I bought the book and read it last week – a set of inter-related stories from hospital; doctors, patients, cleaners, nurses, porters, doctors-as-patients, the voices are woven into a  swelling chorale: this is human life in a contemporary hospital, a workplace, the demands of being human often pressured out of kilter by the demands of  ordinary organisational any-workplace situations. Anyone at work can find the printer’s broken, IT help-desk not helpful, I haven’t managed to grab any lunch, am worried about home, or am still flustered by what happened before…but here, you are face to face with the next patient, and another test of your  often failing humanity:

They’re waiting, someone is always waiting, always wanting something from her, wanting an answer. Even now, looking away from both of them and down at the notes on her lap, Emily feels the couple sitting there tight-lipped and straight-backed, the entitled press of their stares.
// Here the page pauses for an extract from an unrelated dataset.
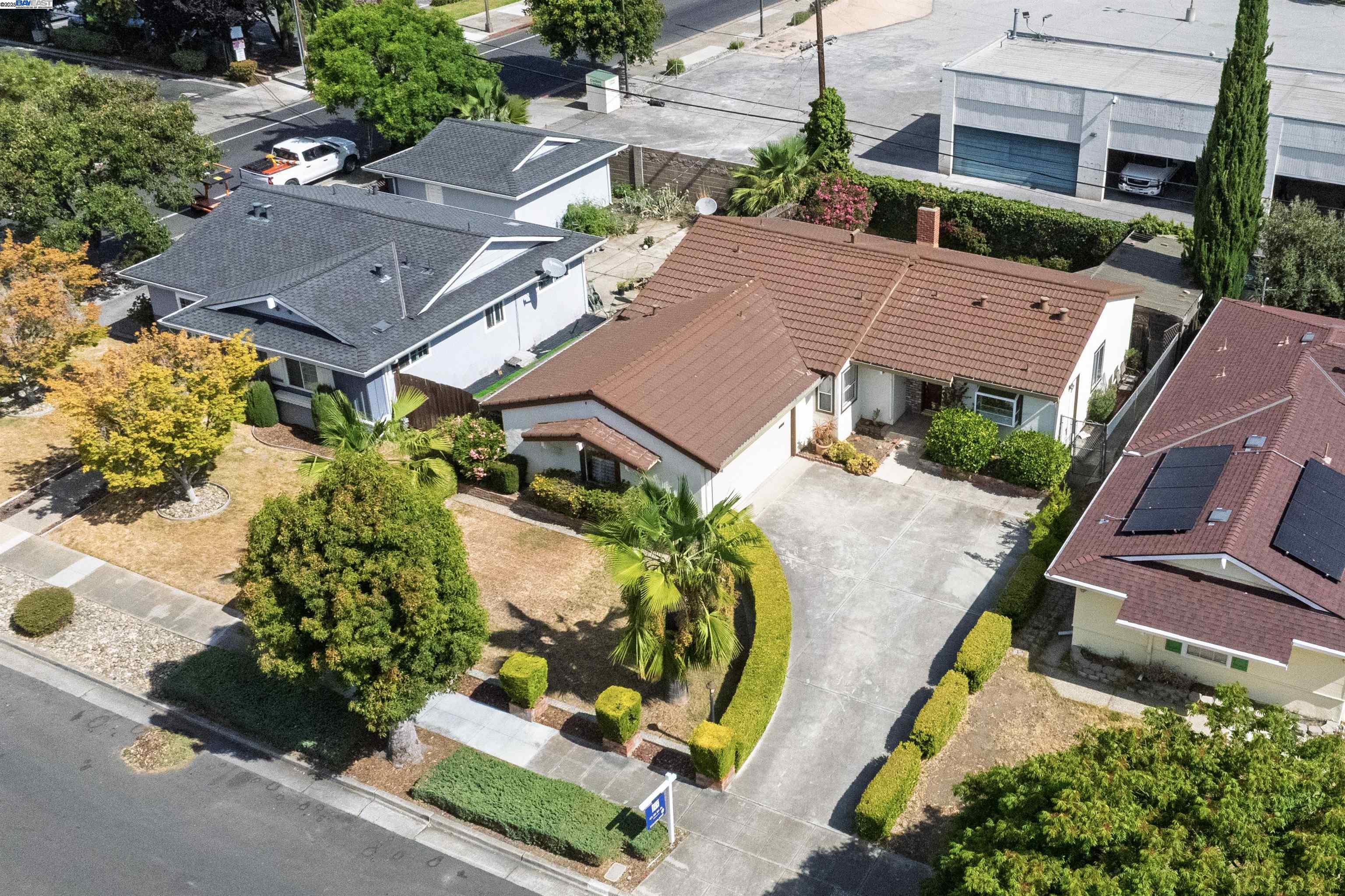 Detail Gallery Image 24 of 26 For 5083 Miramar, San Jose,  CA 95129 - 3 Beds | 2 Baths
She’s been falling in slow motion from the minute she walked in here, apologising but not really meaning it. No, she had meant it, she was sorry, but only just. In a contest of apologies it would be weightless: sorry to keep you waiting, sorry, you’ve months to live; sorry, these days I struggle to feel very much for you, my patients.
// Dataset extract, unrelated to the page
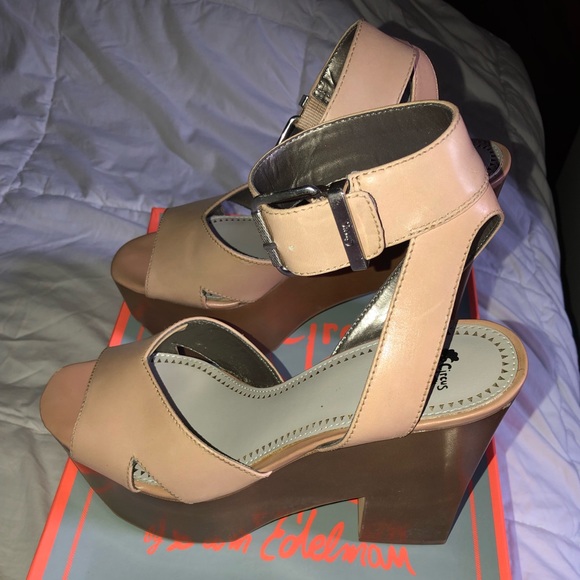 Circus by Sam Edelman Camilla Sandal - Picture 3 of 8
She’d sat next door first, hoping to read through the notes and print off a path report. But the printer had crashed again, its red light blinking after brief, hopeful whirrs. She called IT and someone young, some terribly young and relaxed-sounding girl, said it was  too late in the day, that they couldn’t possibly fix it now, surely there must be another printer? Then Nancy had arrived, telling her that Freda, their woman on the ward, was set to leave, she wouldn’t stay in for tomorrow’s MRI, that her daughter and husband were with her and they were packing up. This news, this and the sound of the clicking printer, pushed Emily from her chair and propelled her into the consultation, unprepared and flustered.

 

It’s  little moments like that, almost unspottable, that make Sam Guglani such an excellent human diagnostician. That the  printer could have pushed you, that the previous patient’s walking out could have propelled you into action with the next patient, like a domino fall, one into the other, with your conscious self scrabbling about behind, trying to self-question. Am I sorry? No? Yes? A bit? He is carefully observing and sescribing  humans asked to work in  overly demanding and finally inhumane situations, mostly doing their failing best.
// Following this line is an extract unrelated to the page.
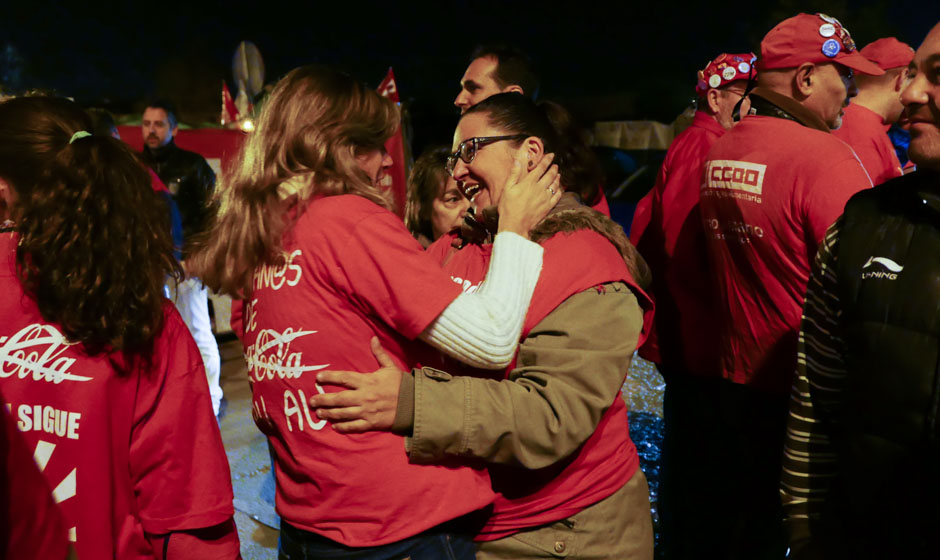 Los trabajadores de Coca Cola entran a trabajar en la fbrica tras ms de un ao de lucha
Guglani wants to draw attention to the failings as well as the best efforts. He’s angry, often  through  the non-medical voices ithe book, the porter, the hairdresser, or here, the medical secretary:

Take Munro in our office yesterday, telling us all about Jim. I’ve some bad news everyone, he says. And even then his voice stays hollow. How must that be for a patient? Important words offered as empy sound. I stood at the back of the room and watched him as he talked at us.

‘Important words offered as empty sound… he talked at us’  Of course we all get angry about this, and it is us non-medics perhaps who feel it most. But this isn’t a critique to be applied only to senior doctors. I’ve met it often in professional, highly educated people, women aswell as men, who use it as cover, a kind of armour. As members of a civil society, we have to ask ourselves, why do such people need that armour?

For the medics, the pressure to save lives, to heal, to offer cure is a hard pressure to bear for best among us. For more on that read John Berger’s A Forunate Man. Histories would also sit well with a rereading of  Lydgate’s part in Middlemarch. Feel a weekend study group on  medics and  literature coming on…

With this novel Sam Guglani joins a fine tradition of doctor-writers – he quoted Chekov (much read in Shared Reading groups)  at the start of his talk, and I thought as  he spoke about  William Carlos Williams and Oliver Sacks. I remembered, too, the group of medical students I spent an afternoon with who berated me for thinking they had time to waste on literature – we have  blood clots and heart attacks to learn about! People could die!

Cant remember if I have written about this in The Reader magazine?  I wrote about it at the time, I know. Will dig it out and post tomorrow.